(Stored dataset items)
* * * * * * *
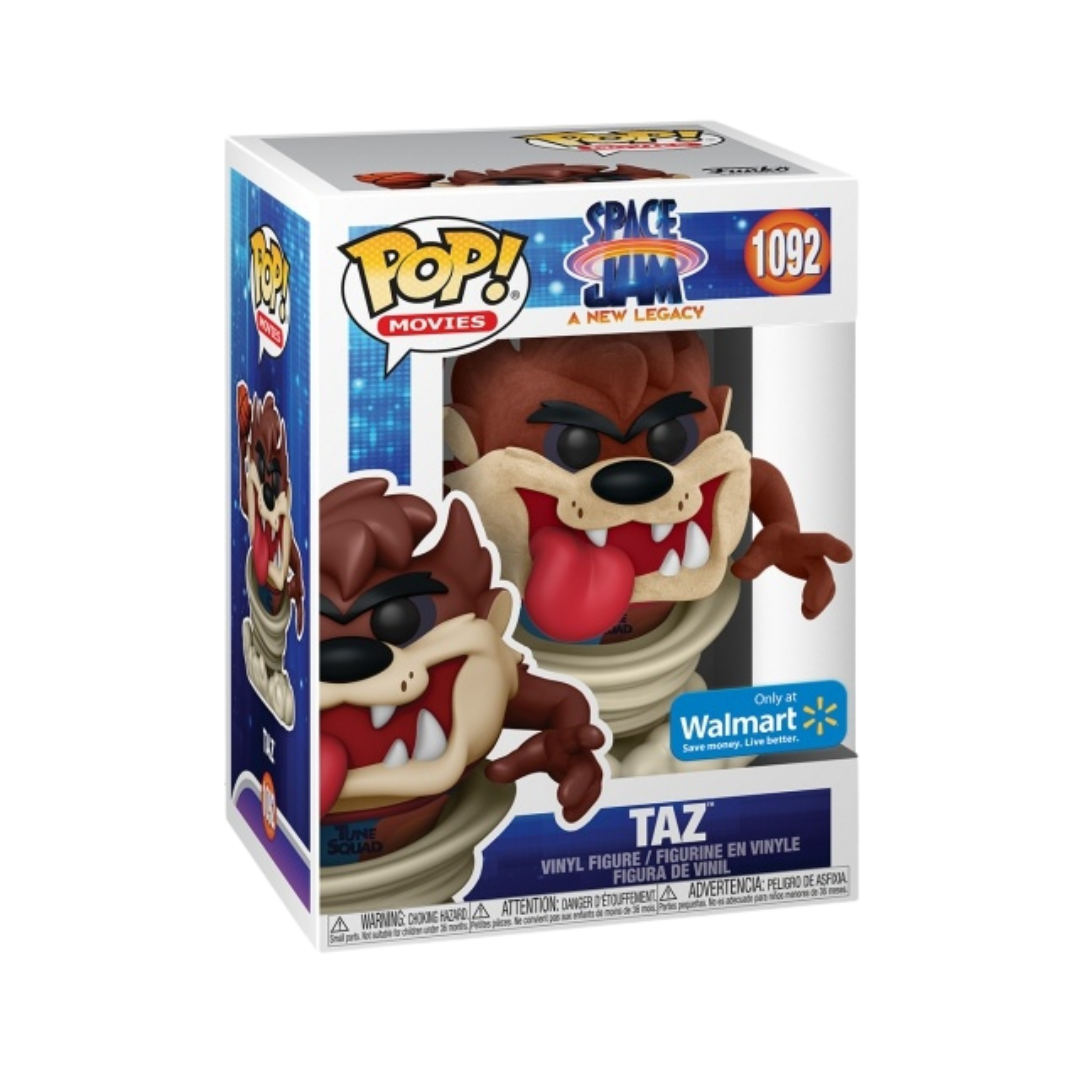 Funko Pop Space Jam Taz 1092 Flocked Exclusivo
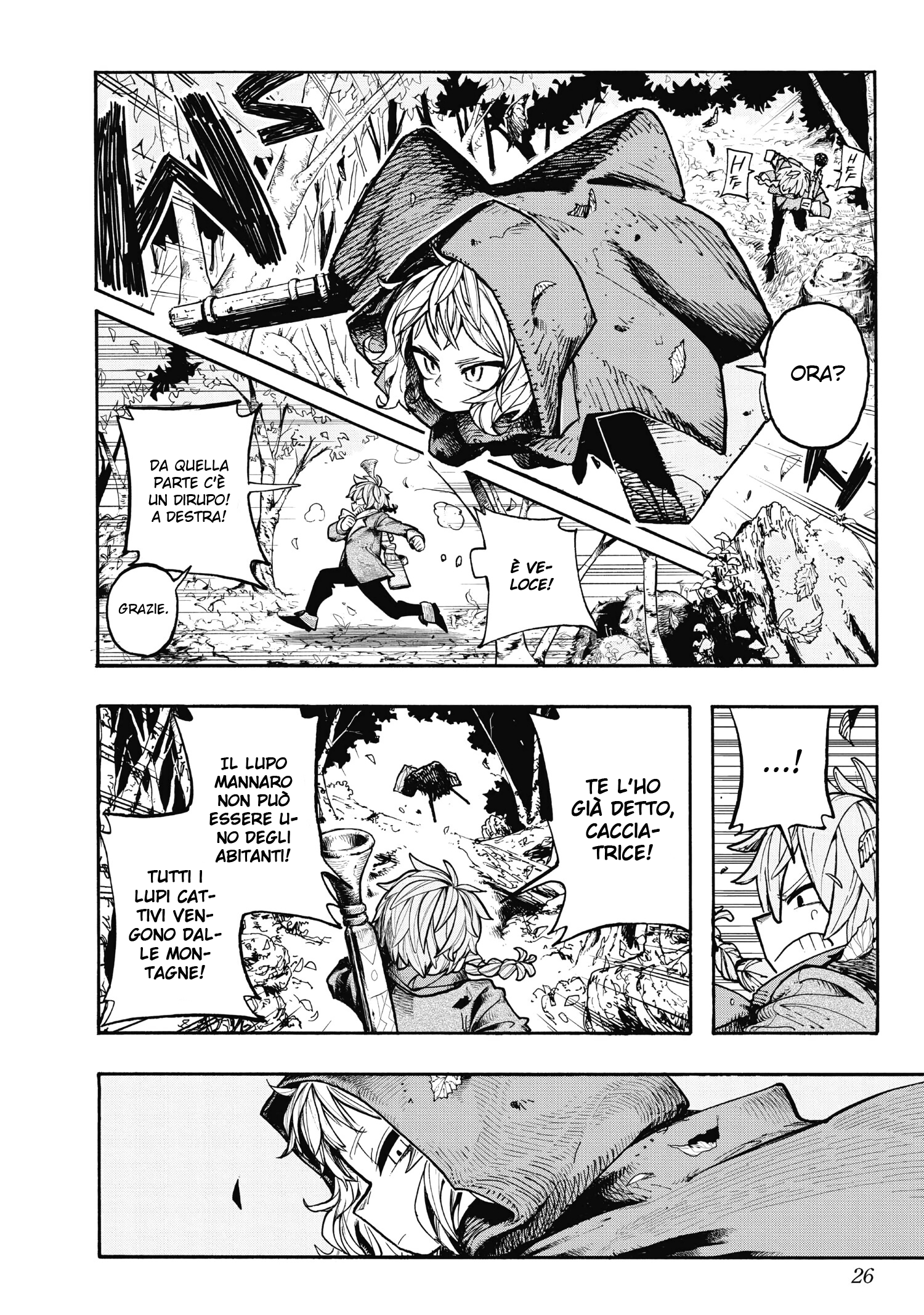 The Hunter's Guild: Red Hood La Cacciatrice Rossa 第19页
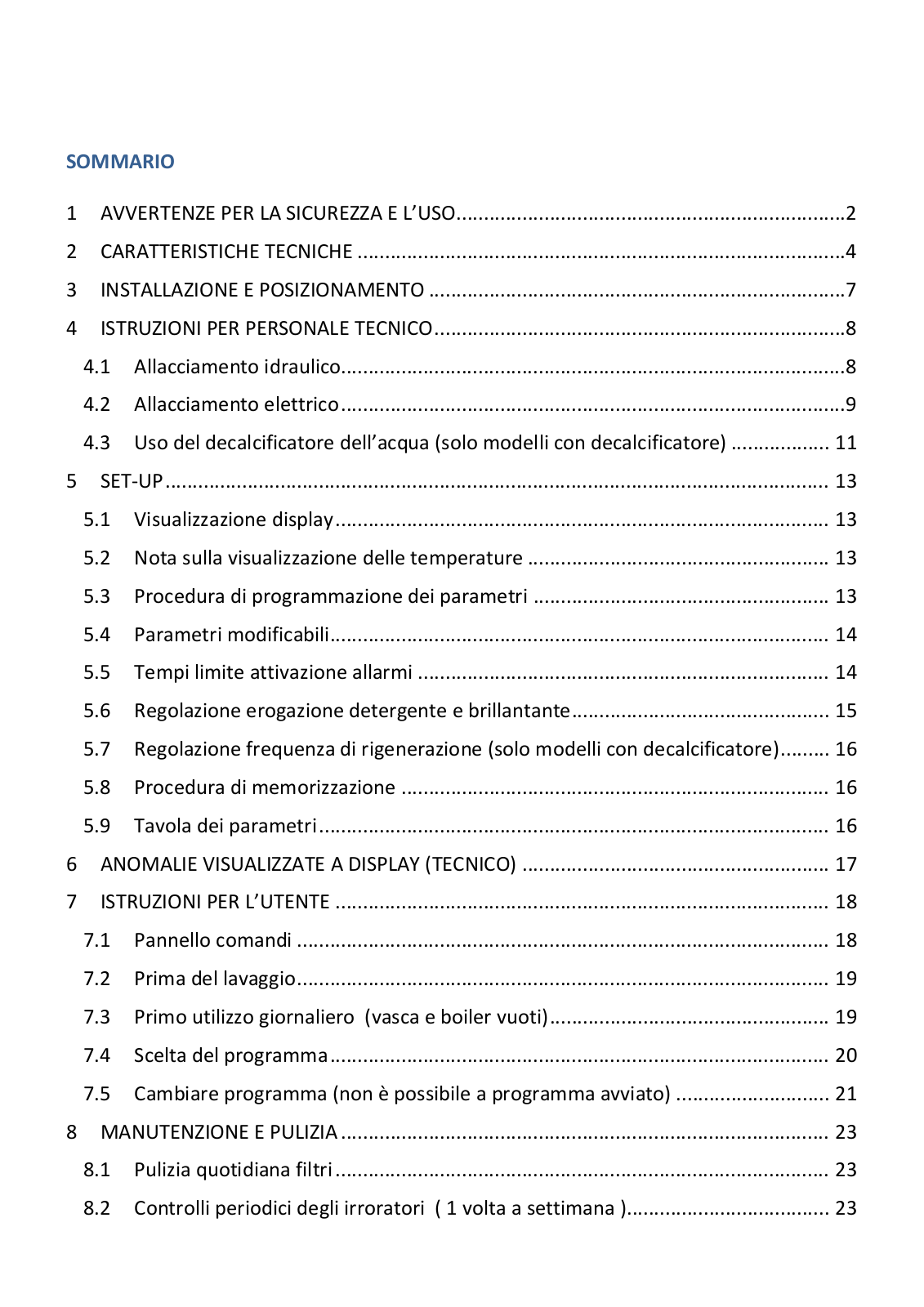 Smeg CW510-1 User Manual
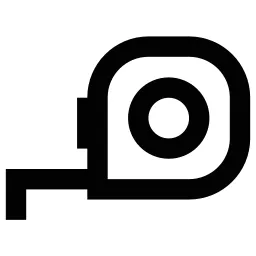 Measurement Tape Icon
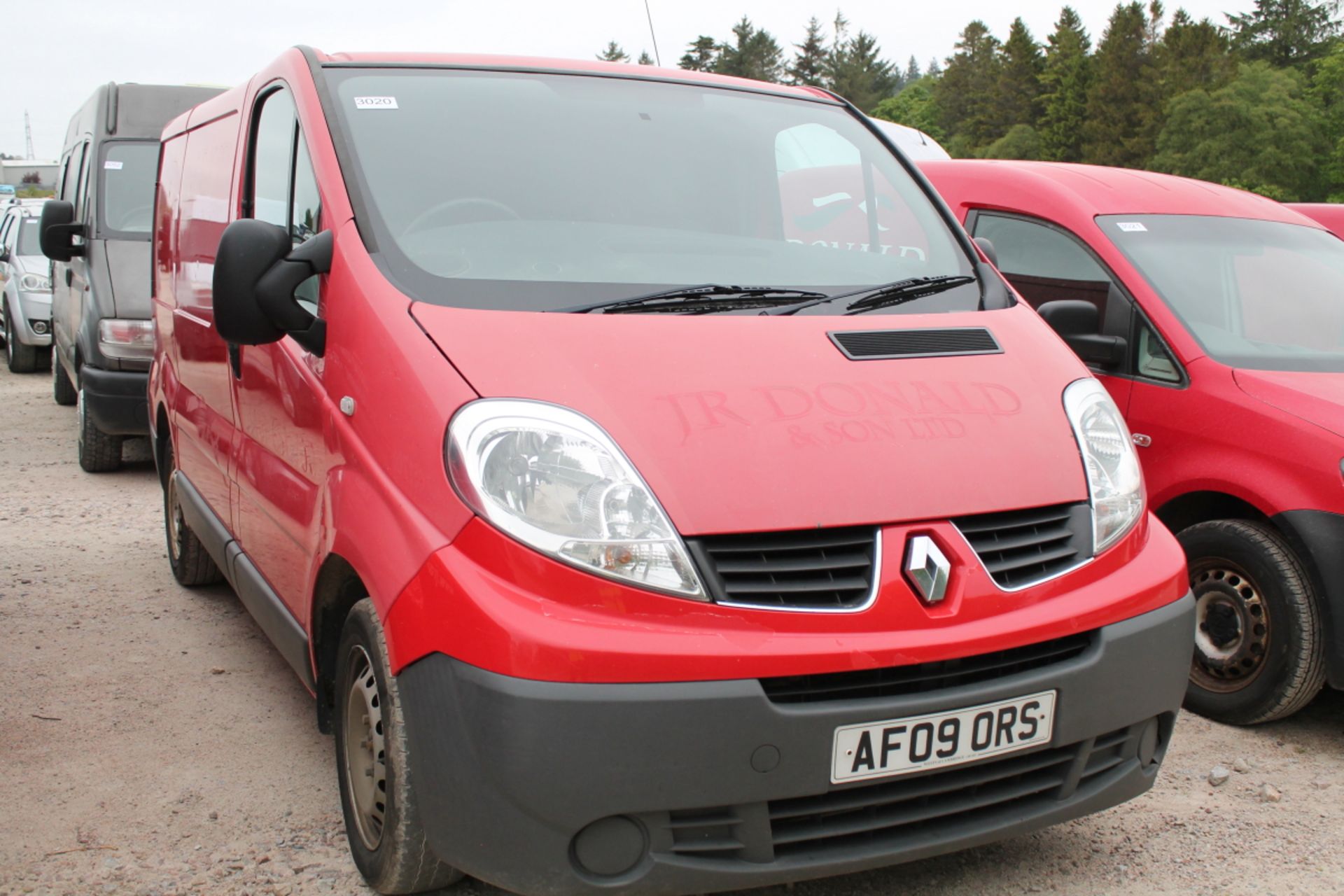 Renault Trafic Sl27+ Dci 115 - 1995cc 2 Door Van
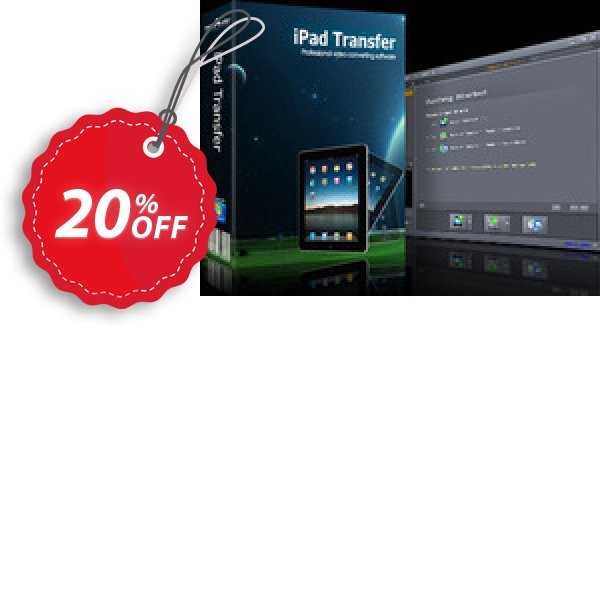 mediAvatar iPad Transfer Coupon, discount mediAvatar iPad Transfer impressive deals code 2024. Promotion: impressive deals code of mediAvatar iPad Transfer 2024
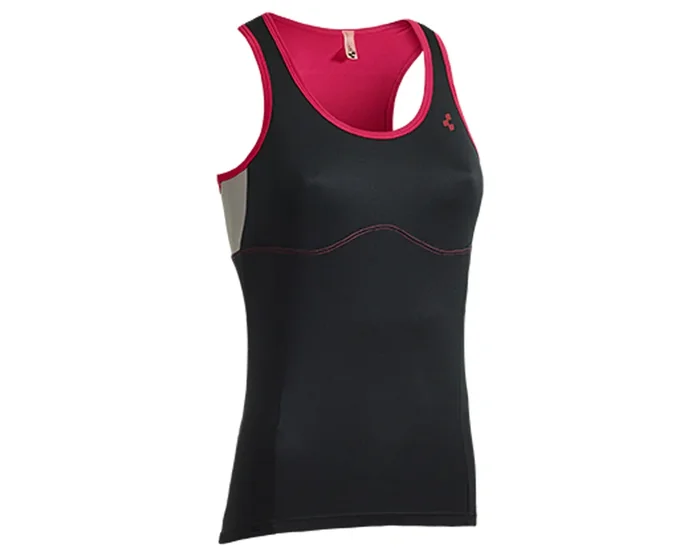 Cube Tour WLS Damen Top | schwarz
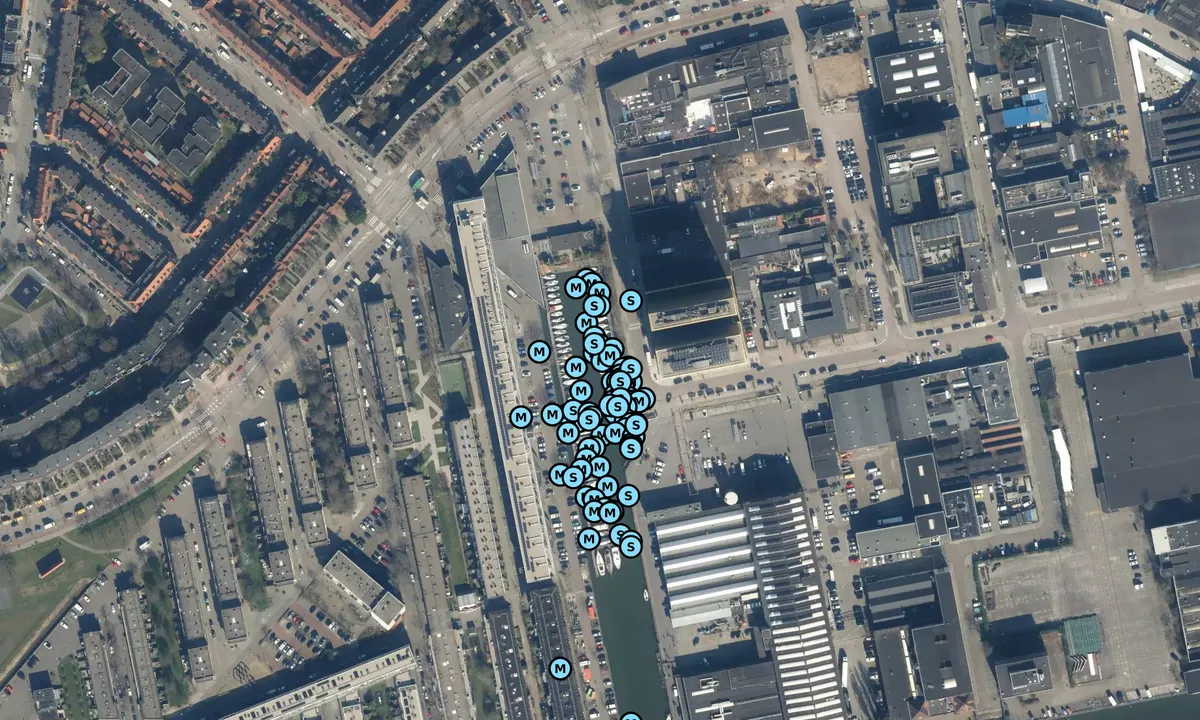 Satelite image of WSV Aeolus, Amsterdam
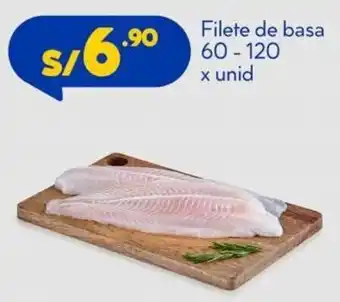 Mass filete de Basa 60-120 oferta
* * * * * * *
-- TASK TO CARRY OUT --
Type the entries again verbatim. Drop the images.

-- THE COMPLETED TASK --
 Funko Pop Space Jam Taz 1092 Flocked Exclusivo
 The Hunter's Guild: Red Hood La Cacciatrice Rossa 第19页
 Smeg CW510-1 User Manual
 Measurement Tape Icon
 Renault Trafic Sl27+ Dci 115 - 1995cc 2 Door Van
 mediAvatar iPad Transfer Coupon, discount mediAvatar iPad Transfer impressive deals code 2024. Promotion: impressive deals code of mediAvatar iPad Transfer 2024
 Cube Tour WLS Damen Top | schwarz
 Satelite image of WSV Aeolus, Amsterdam
 Mass filete de Basa 60-120 oferta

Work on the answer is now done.